[Date Prev][Date Next][Thread Prev][Thread Next][Date Index][Thread Index]

Re: Memory usage in JAVA API



Visweswara Rao Kottapalli wrote:

Hello Dr.John,

I have a question regarding memory usage of Array class.

I have a huge CDF file of 1 GigaBytes with Mass Spectral Data. It has
four huge 1D arrays. Two of the arrays are of size 1,51,200,000 each.
These two arrays are short and int dataTypes respectively. The other two
1D arrays are of sizes 604,800 with double and int as dataTypes
respectively.

I am using the following piece of code to read these four arrays.

massValues = massValuesVariable.read().copyTo1DJavaArray();
intensityValues = intensityValuesVariable.read().copyTo1DJavaArray();
totalValues = (double[])totalIntensityVariable.read().copyTo1DJavaArray();
indexLocator = (int[])indexLocatorIndexVariable.read().copyTo1DJavaArray();

Though the total memory occupied in RAM by four of these arrays togather
is less than 900MB, the first statement, that is reading massValues, itself is
taking over 1.55GBytes of RAM. And for the second statement, its almost
going till 1.75GBytes and showing low virtual memory. And its taking over
20mins to complete these four operations.

you are making a copy, so it will need at least twice the amount of memory.
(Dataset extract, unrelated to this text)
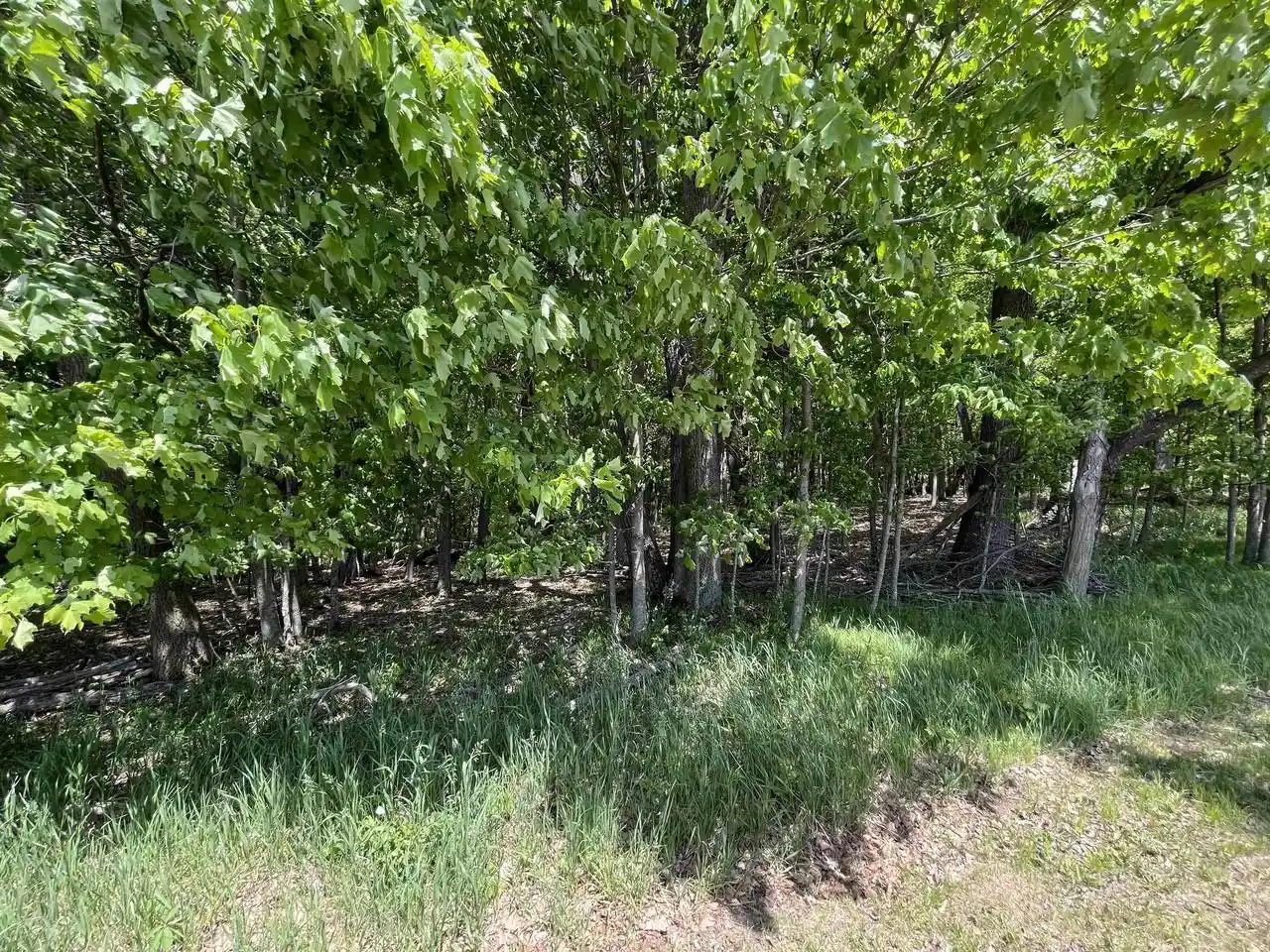 Homes for sale in La Valle, WI | L150 Black Forest Pine Cone Lane Lane, La Valle, WI 53941 | MLS# 2020491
Avoid the copy if you can.

you are likely thrashing the virtual memory of your system.

what kind of machine / OS are you running?


Can you suggest any better way of doing this? Why is it taking so much of
memory?

Also instead of loading the whole array into the memory, can we read value
by value from the file using the existing netCDF java API?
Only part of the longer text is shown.